L’essai du NSABP B-17 confirme, avec un recul de 8 ans, un
taux de récidives locales de 26,8 % pour les patientes n’ayant
eu qu’une chirurgie exclusive et de 12,1 % pour celles ayant
eu une irradiation complémentaire, sans oublier que 50 % de
ces récidives locales sont invasives. Une récente analyse de
ces résultats vient d’être publiée dans le Journal of Clinical
Oncology de 1998 (16 : 441-52). Dans sa série personnelle,
Silverstein retrouve, après traitement conservateur (avec ou
sans radiothérapie), un taux global de récidives locales de
10 %, le recul médian et la répartition exacte entre les deux
bras n’étant pas précisés. Les facteurs prédictifs de rechute,
après analyse multifactorielle, sont les facteurs anatomopathologiques (définis par le grade nucléaire et la nécrose), l’étendue des marges et la taille tumorale (données utilisées dans
l’index pronostique de Van Nuys).
Par ailleurs, en ce qui concerne les carcinomes canalaires in
situ, trois autres essais sont en cours d’analyse : celui de
l’EORTC (1 010 patientes incluses), celui de la Grande-Bretagne (1 519 patientes) et celui de la Suède (900 patientes) ;
aucun résultat n’est encore disponible.
La cinquième session a été consacrée aux nouveautés
dans la chirurgie du cancer du sein, avec une place importante
faite aux nouvelles procédures de curage axillaire. M. BlichertToft (Copenhague) a rappelé son attachement à la dissection
axillaire à but de stadification et dans le cadre du contrôle
locorégional de la maladie.
Pour mémoire, la réalisation d’un curage incomplet est corrélée à une méconnaissance de l’envahissement variant de 5 à
43 % et à la survenue accrue de récidives ganglionnaires ainsi
qu’à une diminution de la survie (un curage bien fait doit
contenir au moins 10 ganglions prélevés).

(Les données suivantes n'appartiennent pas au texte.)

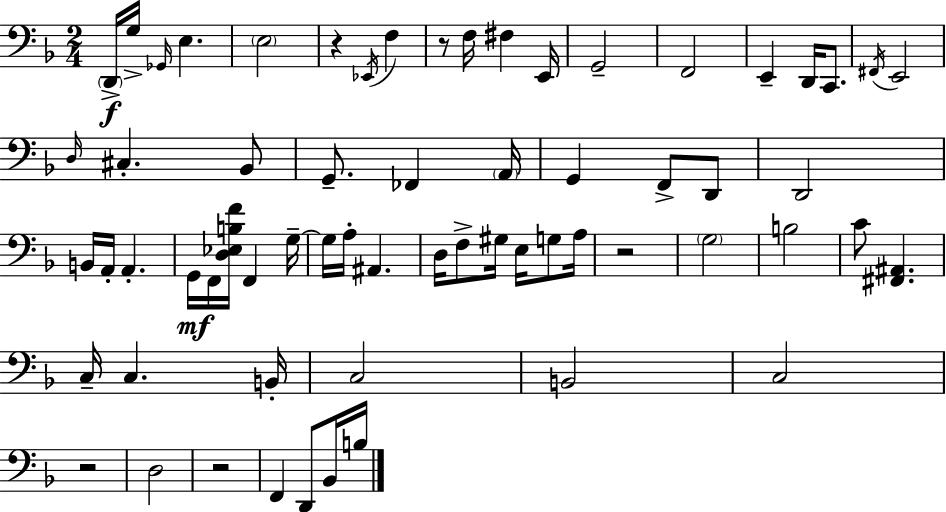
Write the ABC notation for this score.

X:1
T:Untitled
M:2/4
L:1/4
K:F
D,,/4 G,/4 _G,,/4 E, E,2 z _E,,/4 F, z/2 F,/4 ^F, E,,/4 G,,2 F,,2 E,, D,,/4 C,,/2 ^F,,/4 E,,2 D,/4 ^C, _B,,/2 G,,/2 _F,, A,,/4 G,, F,,/2 D,,/2 D,,2 B,,/4 A,,/4 A,, G,,/4 F,,/4 [D,_E,B,F]/4 F,, G,/4 G,/4 A,/4 ^A,, D,/4 F,/2 ^G,/4 E,/4 G,/2 A,/4 z2 G,2 B,2 C/2 [^F,,^A,,] C,/4 C, B,,/4 C,2 B,,2 C,2 z2 D,2 z2 F,, D,,/2 _B,,/4 B,/4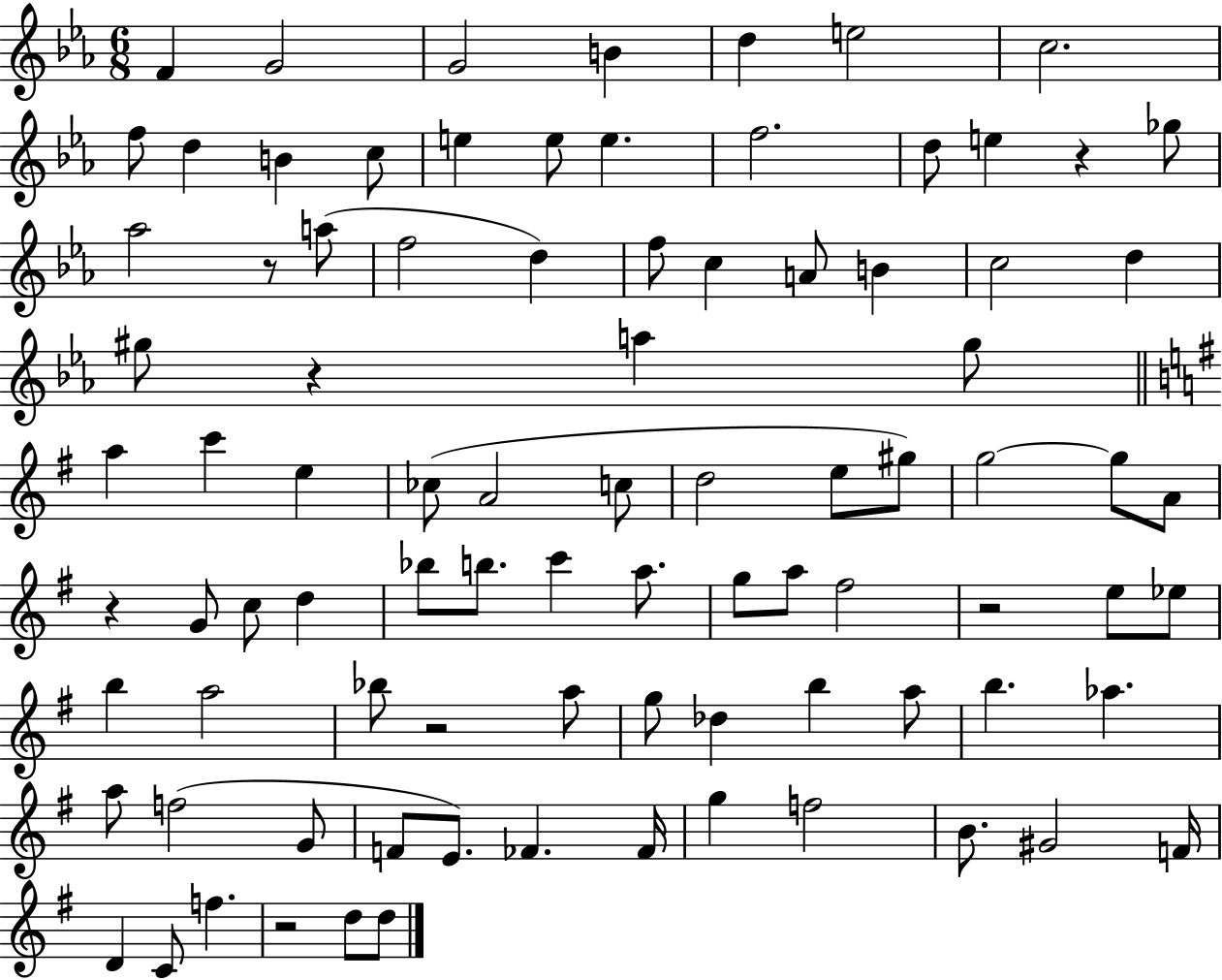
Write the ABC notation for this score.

X:1
T:Untitled
M:6/8
L:1/4
K:Eb
F G2 G2 B d e2 c2 f/2 d B c/2 e e/2 e f2 d/2 e z _g/2 _a2 z/2 a/2 f2 d f/2 c A/2 B c2 d ^g/2 z a ^g/2 a c' e _c/2 A2 c/2 d2 e/2 ^g/2 g2 g/2 A/2 z G/2 c/2 d _b/2 b/2 c' a/2 g/2 a/2 ^f2 z2 e/2 _e/2 b a2 _b/2 z2 a/2 g/2 _d b a/2 b _a a/2 f2 G/2 F/2 E/2 _F _F/4 g f2 B/2 ^G2 F/4 D C/2 f z2 d/2 d/2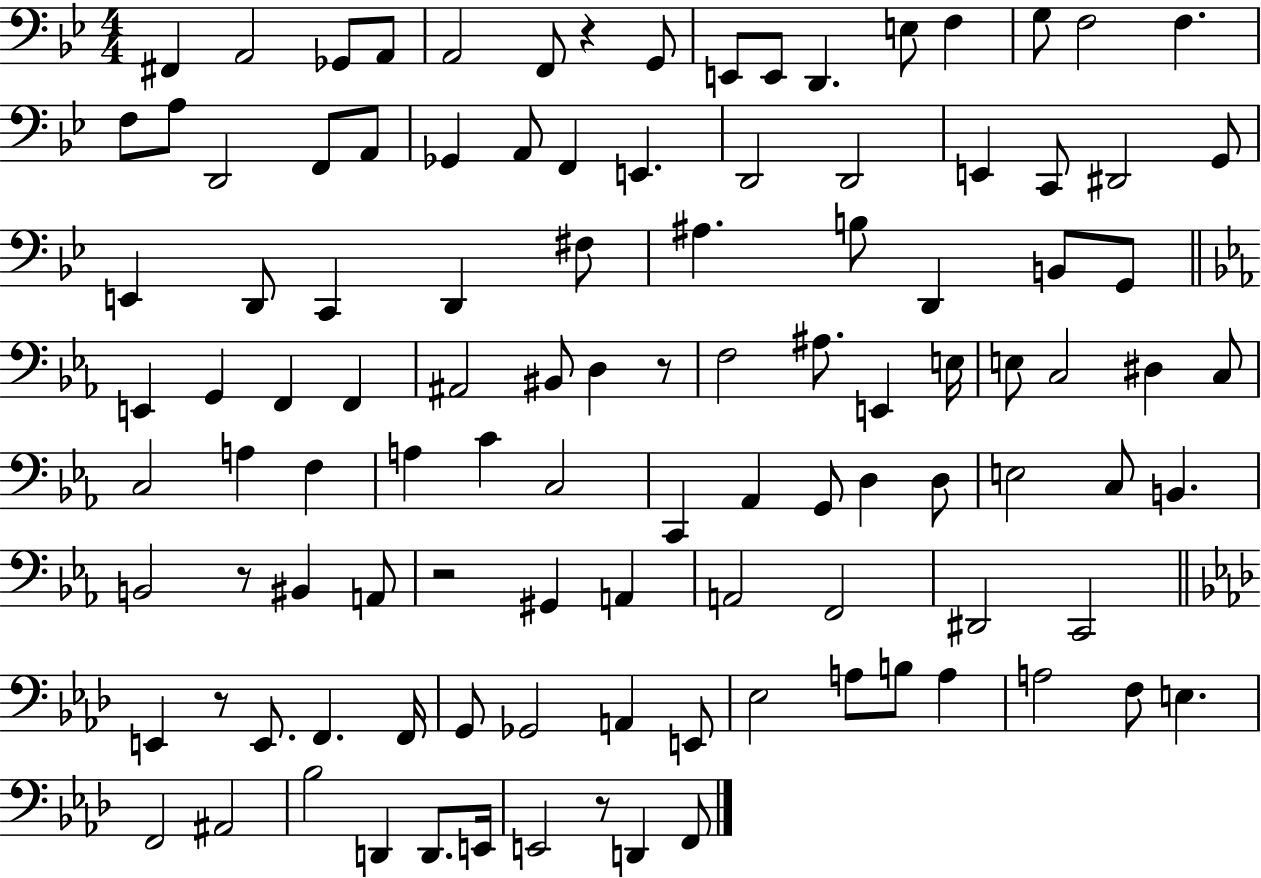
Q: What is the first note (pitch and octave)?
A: F#2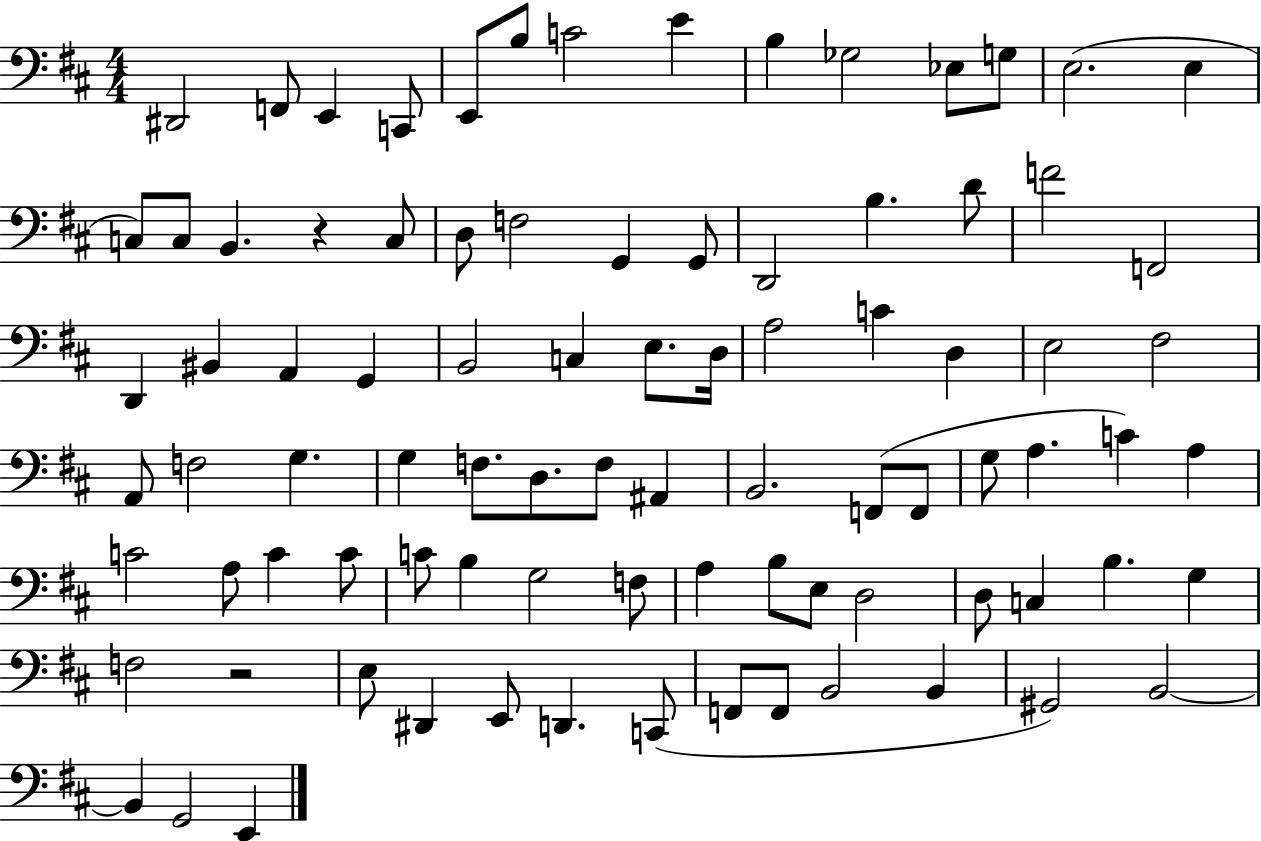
{
  \clef bass
  \numericTimeSignature
  \time 4/4
  \key d \major
  dis,2 f,8 e,4 c,8 | e,8 b8 c'2 e'4 | b4 ges2 ees8 g8 | e2.( e4 | \break c8) c8 b,4. r4 c8 | d8 f2 g,4 g,8 | d,2 b4. d'8 | f'2 f,2 | \break d,4 bis,4 a,4 g,4 | b,2 c4 e8. d16 | a2 c'4 d4 | e2 fis2 | \break a,8 f2 g4. | g4 f8. d8. f8 ais,4 | b,2. f,8( f,8 | g8 a4. c'4) a4 | \break c'2 a8 c'4 c'8 | c'8 b4 g2 f8 | a4 b8 e8 d2 | d8 c4 b4. g4 | \break f2 r2 | e8 dis,4 e,8 d,4. c,8( | f,8 f,8 b,2 b,4 | gis,2) b,2~~ | \break b,4 g,2 e,4 | \bar "|."
}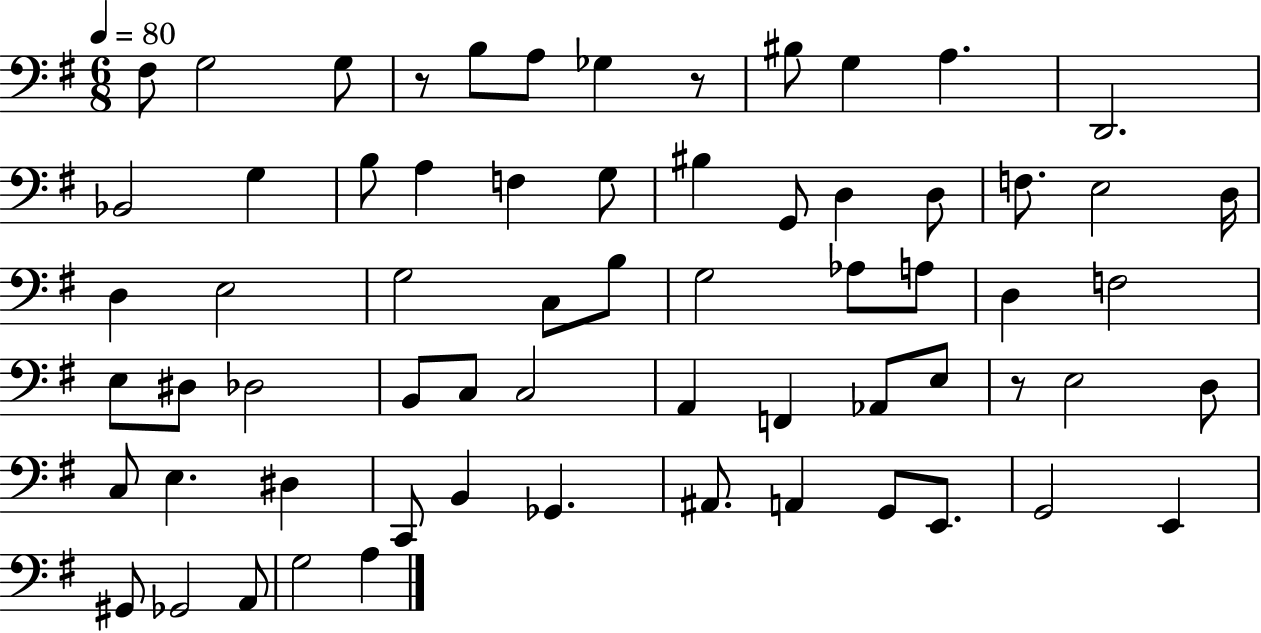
F#3/e G3/h G3/e R/e B3/e A3/e Gb3/q R/e BIS3/e G3/q A3/q. D2/h. Bb2/h G3/q B3/e A3/q F3/q G3/e BIS3/q G2/e D3/q D3/e F3/e. E3/h D3/s D3/q E3/h G3/h C3/e B3/e G3/h Ab3/e A3/e D3/q F3/h E3/e D#3/e Db3/h B2/e C3/e C3/h A2/q F2/q Ab2/e E3/e R/e E3/h D3/e C3/e E3/q. D#3/q C2/e B2/q Gb2/q. A#2/e. A2/q G2/e E2/e. G2/h E2/q G#2/e Gb2/h A2/e G3/h A3/q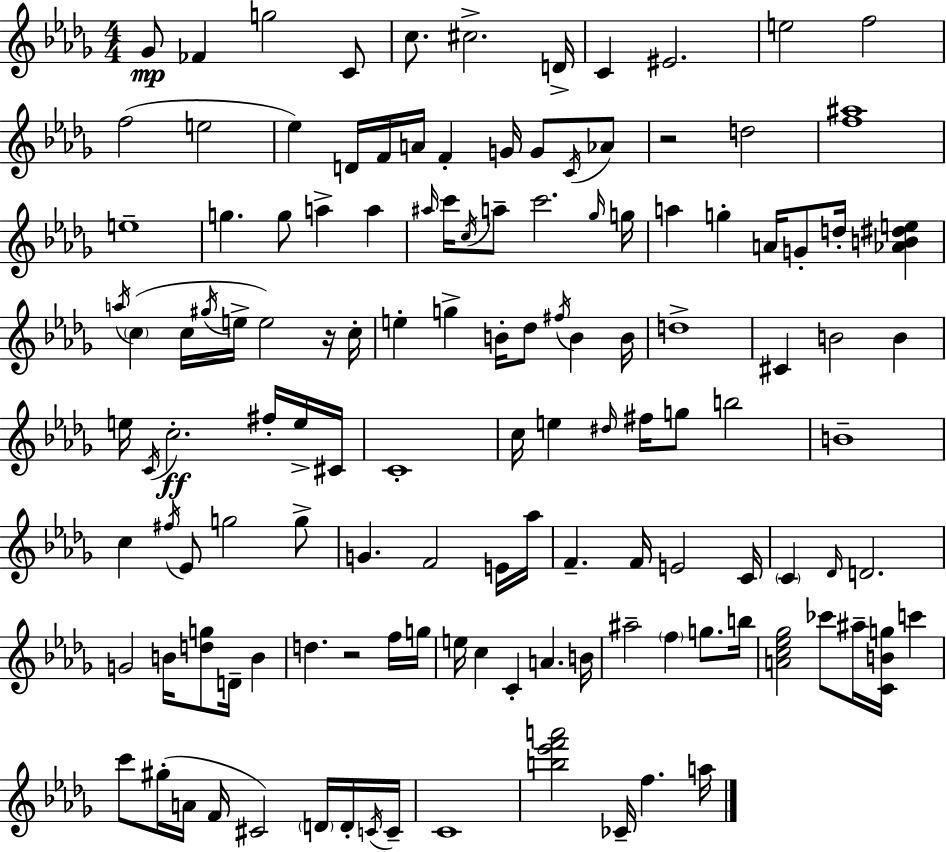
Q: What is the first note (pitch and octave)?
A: Gb4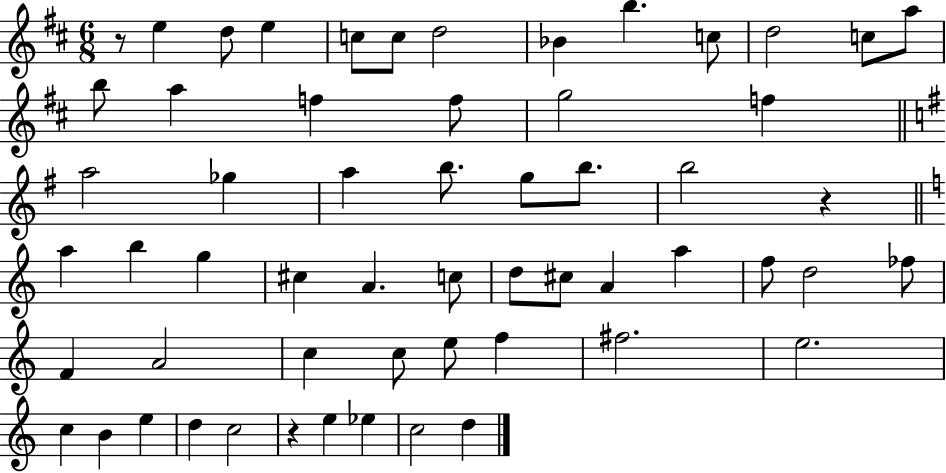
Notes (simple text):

R/e E5/q D5/e E5/q C5/e C5/e D5/h Bb4/q B5/q. C5/e D5/h C5/e A5/e B5/e A5/q F5/q F5/e G5/h F5/q A5/h Gb5/q A5/q B5/e. G5/e B5/e. B5/h R/q A5/q B5/q G5/q C#5/q A4/q. C5/e D5/e C#5/e A4/q A5/q F5/e D5/h FES5/e F4/q A4/h C5/q C5/e E5/e F5/q F#5/h. E5/h. C5/q B4/q E5/q D5/q C5/h R/q E5/q Eb5/q C5/h D5/q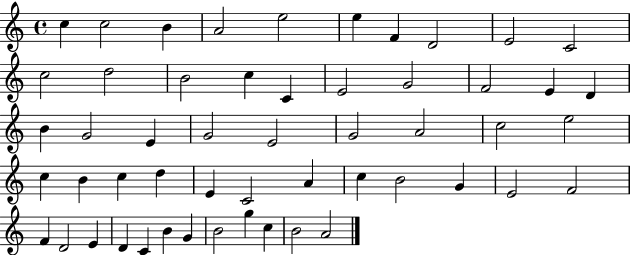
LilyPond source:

{
  \clef treble
  \time 4/4
  \defaultTimeSignature
  \key c \major
  c''4 c''2 b'4 | a'2 e''2 | e''4 f'4 d'2 | e'2 c'2 | \break c''2 d''2 | b'2 c''4 c'4 | e'2 g'2 | f'2 e'4 d'4 | \break b'4 g'2 e'4 | g'2 e'2 | g'2 a'2 | c''2 e''2 | \break c''4 b'4 c''4 d''4 | e'4 c'2 a'4 | c''4 b'2 g'4 | e'2 f'2 | \break f'4 d'2 e'4 | d'4 c'4 b'4 g'4 | b'2 g''4 c''4 | b'2 a'2 | \break \bar "|."
}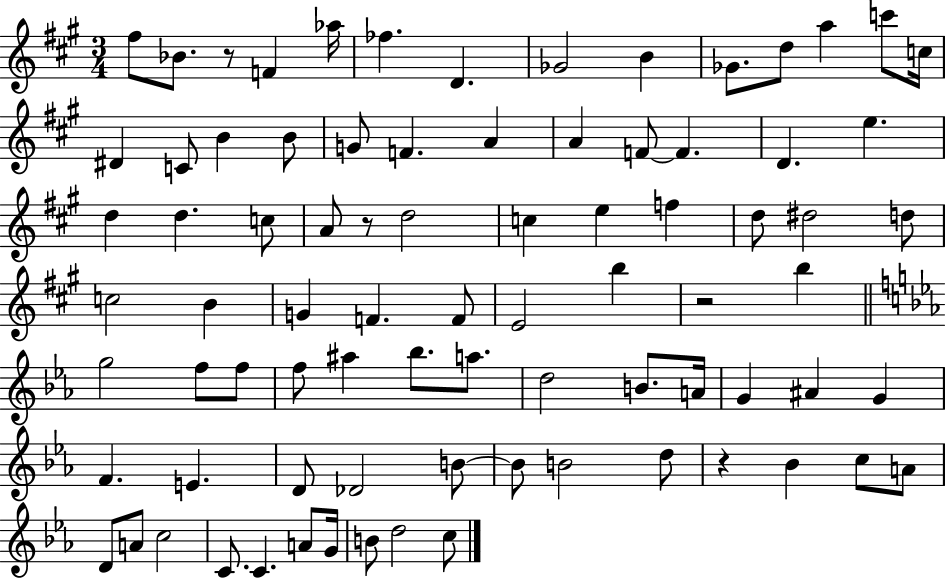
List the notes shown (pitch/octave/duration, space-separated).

F#5/e Bb4/e. R/e F4/q Ab5/s FES5/q. D4/q. Gb4/h B4/q Gb4/e. D5/e A5/q C6/e C5/s D#4/q C4/e B4/q B4/e G4/e F4/q. A4/q A4/q F4/e F4/q. D4/q. E5/q. D5/q D5/q. C5/e A4/e R/e D5/h C5/q E5/q F5/q D5/e D#5/h D5/e C5/h B4/q G4/q F4/q. F4/e E4/h B5/q R/h B5/q G5/h F5/e F5/e F5/e A#5/q Bb5/e. A5/e. D5/h B4/e. A4/s G4/q A#4/q G4/q F4/q. E4/q. D4/e Db4/h B4/e B4/e B4/h D5/e R/q Bb4/q C5/e A4/e D4/e A4/e C5/h C4/e. C4/q. A4/e G4/s B4/e D5/h C5/e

En regard, l’argumentaire de A. Costa a insisté sur la nouvelle
situation en cancérologie mammaire depuis le développement
du dépistage et la découverte d’un nombre important de
lésions infracliniques pT1a ou pT1b pour lesquelles le taux de
ganglions envahis est de l’ordre de 10 à 15 % seulement. Les
résultats de l’essai sur le ganglion sentinelle de Veronesi, cité
plus haut, sont rappelés.
À noter qu’il a été beaucoup question, dans cette session, de la
qualité de vie des patientes, mais qu’aucun commentaire n’a
été réalisé sur les modalités de découverte et les possibilités
thérapeutiques limitées des récidives axillaires, dont le pronostic et le retentissement psychologique sont redoutables.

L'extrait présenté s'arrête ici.